**Instructions for the task**
Print, exactly as written, every line from the first line of the records below through the line containing "στεγανοποίηση ταράτσας με", and nothing further.
****************
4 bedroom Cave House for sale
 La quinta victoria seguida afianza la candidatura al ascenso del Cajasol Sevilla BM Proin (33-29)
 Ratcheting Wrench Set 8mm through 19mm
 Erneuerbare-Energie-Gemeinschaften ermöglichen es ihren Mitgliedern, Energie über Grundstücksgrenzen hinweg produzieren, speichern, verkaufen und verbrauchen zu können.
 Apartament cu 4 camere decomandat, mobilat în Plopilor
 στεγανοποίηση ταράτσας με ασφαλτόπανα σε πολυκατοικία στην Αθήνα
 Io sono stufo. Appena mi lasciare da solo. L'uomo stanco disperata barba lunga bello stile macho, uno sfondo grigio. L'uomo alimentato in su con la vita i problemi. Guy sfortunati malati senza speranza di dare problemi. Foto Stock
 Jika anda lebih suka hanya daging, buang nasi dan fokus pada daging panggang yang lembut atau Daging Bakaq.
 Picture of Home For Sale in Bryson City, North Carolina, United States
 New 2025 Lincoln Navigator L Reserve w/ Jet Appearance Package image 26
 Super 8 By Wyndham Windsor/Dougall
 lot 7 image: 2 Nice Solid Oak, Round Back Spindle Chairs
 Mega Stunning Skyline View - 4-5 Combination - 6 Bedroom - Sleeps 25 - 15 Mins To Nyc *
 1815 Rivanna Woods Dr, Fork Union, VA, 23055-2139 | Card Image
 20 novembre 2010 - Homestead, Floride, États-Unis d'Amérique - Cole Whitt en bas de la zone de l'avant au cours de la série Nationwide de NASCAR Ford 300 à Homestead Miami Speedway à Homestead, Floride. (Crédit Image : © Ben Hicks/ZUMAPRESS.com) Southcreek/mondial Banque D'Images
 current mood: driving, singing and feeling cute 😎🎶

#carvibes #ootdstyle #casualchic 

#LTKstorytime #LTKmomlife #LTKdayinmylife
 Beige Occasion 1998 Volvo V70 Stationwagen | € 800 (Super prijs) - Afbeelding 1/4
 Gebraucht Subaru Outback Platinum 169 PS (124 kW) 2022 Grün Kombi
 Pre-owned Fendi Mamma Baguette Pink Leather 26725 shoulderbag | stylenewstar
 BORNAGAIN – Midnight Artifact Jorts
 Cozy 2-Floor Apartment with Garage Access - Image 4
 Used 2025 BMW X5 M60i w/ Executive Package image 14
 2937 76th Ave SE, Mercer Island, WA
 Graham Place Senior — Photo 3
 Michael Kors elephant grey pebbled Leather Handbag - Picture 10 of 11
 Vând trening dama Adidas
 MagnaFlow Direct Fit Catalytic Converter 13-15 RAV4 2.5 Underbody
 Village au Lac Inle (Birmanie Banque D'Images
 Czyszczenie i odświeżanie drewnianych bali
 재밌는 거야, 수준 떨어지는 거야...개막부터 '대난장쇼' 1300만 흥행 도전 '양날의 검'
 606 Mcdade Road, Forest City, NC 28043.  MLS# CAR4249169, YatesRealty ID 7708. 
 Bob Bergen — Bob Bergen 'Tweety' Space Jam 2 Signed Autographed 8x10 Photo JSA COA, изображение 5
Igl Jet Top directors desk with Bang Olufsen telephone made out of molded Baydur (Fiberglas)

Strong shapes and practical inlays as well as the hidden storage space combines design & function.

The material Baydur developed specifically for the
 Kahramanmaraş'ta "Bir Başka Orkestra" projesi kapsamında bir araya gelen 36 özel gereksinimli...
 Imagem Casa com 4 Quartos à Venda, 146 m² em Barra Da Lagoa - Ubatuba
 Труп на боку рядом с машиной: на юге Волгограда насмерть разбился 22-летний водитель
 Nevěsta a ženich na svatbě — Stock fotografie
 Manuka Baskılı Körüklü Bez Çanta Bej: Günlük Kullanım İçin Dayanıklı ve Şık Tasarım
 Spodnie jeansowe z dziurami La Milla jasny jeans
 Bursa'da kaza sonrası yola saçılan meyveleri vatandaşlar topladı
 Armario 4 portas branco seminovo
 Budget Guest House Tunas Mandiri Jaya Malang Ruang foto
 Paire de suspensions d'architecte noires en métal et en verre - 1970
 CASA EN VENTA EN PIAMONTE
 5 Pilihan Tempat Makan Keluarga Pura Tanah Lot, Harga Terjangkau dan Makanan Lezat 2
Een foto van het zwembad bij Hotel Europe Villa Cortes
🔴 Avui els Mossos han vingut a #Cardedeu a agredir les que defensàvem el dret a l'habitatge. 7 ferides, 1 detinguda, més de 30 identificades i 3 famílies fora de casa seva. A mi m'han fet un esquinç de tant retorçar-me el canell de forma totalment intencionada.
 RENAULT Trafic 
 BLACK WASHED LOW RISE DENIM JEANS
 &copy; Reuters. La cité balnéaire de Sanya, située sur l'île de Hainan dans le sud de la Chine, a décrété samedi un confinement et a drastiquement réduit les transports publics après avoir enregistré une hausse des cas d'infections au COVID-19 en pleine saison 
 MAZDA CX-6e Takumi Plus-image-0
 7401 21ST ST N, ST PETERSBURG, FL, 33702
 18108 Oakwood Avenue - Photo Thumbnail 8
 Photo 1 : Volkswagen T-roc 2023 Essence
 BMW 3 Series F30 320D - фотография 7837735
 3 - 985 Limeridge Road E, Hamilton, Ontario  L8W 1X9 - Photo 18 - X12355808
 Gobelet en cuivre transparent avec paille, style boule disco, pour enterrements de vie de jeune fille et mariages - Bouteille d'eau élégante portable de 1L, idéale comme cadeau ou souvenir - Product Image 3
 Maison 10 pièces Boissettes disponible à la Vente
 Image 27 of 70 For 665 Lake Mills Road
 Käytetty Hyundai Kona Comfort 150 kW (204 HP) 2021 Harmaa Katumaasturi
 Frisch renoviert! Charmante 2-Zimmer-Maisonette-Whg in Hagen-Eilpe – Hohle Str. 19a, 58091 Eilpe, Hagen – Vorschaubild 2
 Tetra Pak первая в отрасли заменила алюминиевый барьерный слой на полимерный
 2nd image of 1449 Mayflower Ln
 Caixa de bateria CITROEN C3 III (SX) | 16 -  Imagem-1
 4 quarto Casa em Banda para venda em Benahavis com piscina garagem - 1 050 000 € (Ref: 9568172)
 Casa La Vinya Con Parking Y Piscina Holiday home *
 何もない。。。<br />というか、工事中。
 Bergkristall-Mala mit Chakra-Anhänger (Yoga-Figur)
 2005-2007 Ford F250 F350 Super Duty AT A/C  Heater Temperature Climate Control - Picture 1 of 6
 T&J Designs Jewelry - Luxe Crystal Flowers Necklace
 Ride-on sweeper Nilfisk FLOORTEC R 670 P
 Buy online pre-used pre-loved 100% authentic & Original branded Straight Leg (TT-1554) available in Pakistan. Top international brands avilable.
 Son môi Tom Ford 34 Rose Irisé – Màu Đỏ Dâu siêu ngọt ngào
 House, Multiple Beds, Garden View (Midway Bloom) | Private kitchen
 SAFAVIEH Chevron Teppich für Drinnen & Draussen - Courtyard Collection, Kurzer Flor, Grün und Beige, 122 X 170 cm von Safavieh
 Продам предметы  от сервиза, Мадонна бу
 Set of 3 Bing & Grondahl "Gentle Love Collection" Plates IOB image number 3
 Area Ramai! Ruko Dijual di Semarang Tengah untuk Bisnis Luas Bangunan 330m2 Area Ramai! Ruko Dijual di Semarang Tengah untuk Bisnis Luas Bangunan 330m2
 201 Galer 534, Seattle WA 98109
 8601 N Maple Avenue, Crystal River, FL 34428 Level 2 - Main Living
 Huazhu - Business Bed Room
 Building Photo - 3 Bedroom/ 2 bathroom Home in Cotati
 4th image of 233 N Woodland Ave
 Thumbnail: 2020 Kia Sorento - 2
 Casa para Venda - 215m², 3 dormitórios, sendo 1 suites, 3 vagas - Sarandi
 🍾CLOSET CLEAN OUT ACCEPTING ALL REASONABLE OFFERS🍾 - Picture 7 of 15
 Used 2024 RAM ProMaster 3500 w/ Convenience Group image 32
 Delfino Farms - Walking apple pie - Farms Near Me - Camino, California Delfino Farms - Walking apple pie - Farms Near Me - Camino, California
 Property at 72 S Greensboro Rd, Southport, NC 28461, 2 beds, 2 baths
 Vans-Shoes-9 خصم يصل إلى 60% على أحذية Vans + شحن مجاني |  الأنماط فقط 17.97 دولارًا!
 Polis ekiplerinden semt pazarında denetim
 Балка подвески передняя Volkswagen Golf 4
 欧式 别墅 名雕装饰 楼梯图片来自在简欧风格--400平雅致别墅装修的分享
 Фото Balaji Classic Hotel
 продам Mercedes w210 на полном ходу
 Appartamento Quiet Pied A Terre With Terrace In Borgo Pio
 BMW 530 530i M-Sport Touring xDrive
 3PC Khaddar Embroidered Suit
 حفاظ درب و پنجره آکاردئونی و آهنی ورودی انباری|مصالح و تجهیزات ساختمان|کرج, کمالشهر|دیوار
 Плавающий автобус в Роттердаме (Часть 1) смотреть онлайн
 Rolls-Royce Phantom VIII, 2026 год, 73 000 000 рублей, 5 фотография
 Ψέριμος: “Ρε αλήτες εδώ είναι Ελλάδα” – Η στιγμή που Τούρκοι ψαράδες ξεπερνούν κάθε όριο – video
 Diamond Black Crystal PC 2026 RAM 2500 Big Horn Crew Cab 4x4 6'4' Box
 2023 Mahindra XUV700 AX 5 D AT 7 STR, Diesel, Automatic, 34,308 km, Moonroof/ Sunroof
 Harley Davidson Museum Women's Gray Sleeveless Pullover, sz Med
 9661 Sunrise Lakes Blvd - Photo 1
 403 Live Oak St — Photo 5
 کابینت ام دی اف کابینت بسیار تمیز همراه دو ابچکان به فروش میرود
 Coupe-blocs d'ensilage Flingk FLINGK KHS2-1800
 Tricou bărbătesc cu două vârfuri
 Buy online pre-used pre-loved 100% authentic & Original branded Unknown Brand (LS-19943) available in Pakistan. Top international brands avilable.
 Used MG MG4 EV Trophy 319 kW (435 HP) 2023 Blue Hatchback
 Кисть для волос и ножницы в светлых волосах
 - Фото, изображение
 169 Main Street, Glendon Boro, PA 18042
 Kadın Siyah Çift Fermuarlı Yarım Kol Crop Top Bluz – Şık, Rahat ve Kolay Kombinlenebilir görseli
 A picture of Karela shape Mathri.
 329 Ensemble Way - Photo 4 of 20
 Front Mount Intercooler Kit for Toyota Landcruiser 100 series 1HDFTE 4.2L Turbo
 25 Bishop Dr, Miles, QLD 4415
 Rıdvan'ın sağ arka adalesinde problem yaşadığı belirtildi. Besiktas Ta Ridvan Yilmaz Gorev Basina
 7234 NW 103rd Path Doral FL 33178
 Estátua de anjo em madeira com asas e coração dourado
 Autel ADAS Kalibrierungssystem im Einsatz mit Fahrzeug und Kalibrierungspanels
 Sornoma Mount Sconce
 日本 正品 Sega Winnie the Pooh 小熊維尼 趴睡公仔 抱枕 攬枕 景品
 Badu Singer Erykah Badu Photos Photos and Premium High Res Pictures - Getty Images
****************
**Result for this task**
4 bedroom Cave House for sale
 La quinta victoria seguida afianza la candidatura al ascenso del Cajasol Sevilla BM Proin (33-29)
 Ratcheting Wrench Set 8mm through 19mm
 Erneuerbare-Energie-Gemeinschaften ermöglichen es ihren Mitgliedern, Energie über Grundstücksgrenzen hinweg produzieren, speichern, verkaufen und verbrauchen zu können.
 Apartament cu 4 camere decomandat, mobilat în Plopilor
 στεγανοποίηση ταράτσας με ασφαλτόπανα σε πολυκατοικία στην Αθήνα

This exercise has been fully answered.